_Exercise instructions_. In this exercise, print only the lines of the records below from the one with "Mother & Daughter" through the one with "Image of Bergen", inclusive. Pictures are not part of the copy.

_Supplied data_.

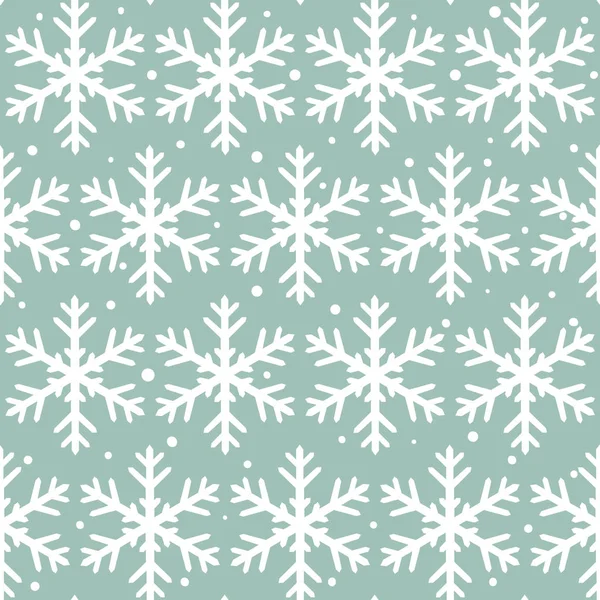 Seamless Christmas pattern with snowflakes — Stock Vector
...
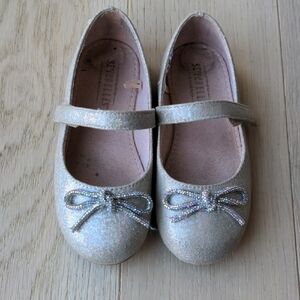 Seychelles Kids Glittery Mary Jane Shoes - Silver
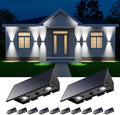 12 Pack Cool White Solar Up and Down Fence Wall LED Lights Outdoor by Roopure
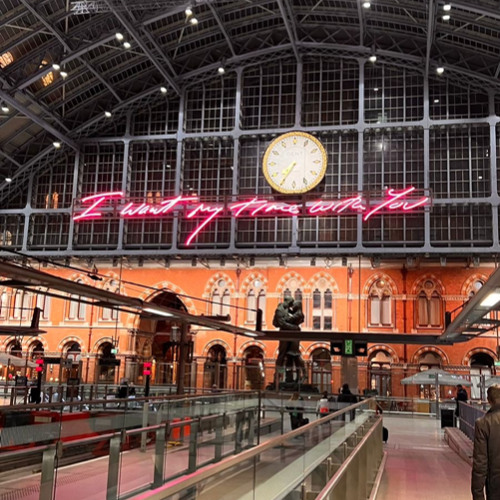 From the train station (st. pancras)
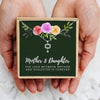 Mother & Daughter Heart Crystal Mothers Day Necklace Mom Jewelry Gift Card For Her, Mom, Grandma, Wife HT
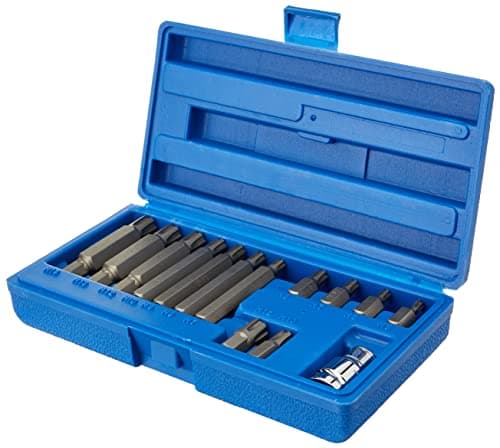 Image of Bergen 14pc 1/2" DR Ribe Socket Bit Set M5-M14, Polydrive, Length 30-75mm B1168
==
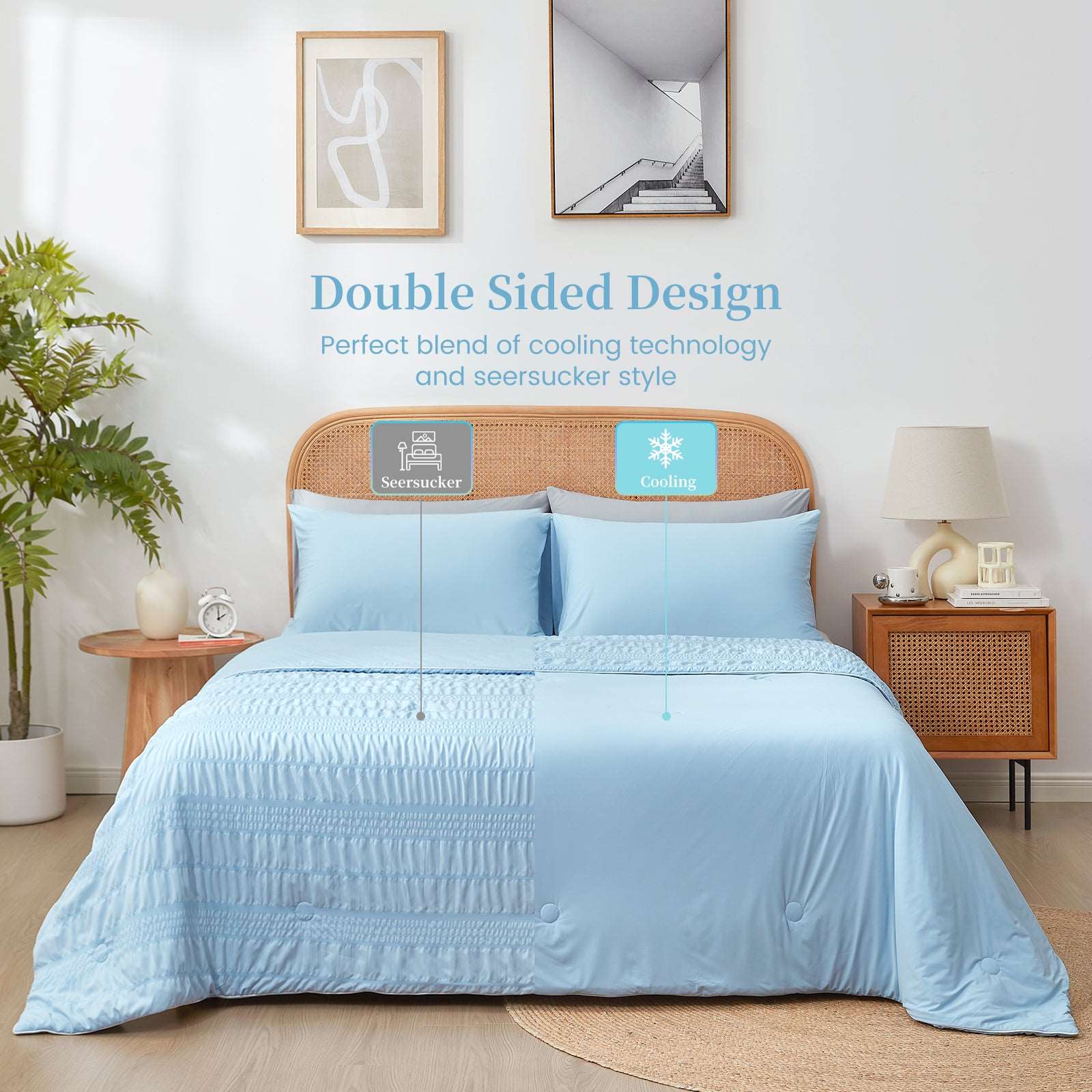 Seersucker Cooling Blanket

_Reply to the task_.
 Mother & Daughter Heart Crystal Mothers Day Necklace Mom Jewelry Gift Card For Her, Mom, Grandma, Wife HT
 Image of Bergen 14pc 1/2" DR Ribe Socket Bit Set M5-M14, Polydrive, Length 30-75mm B1168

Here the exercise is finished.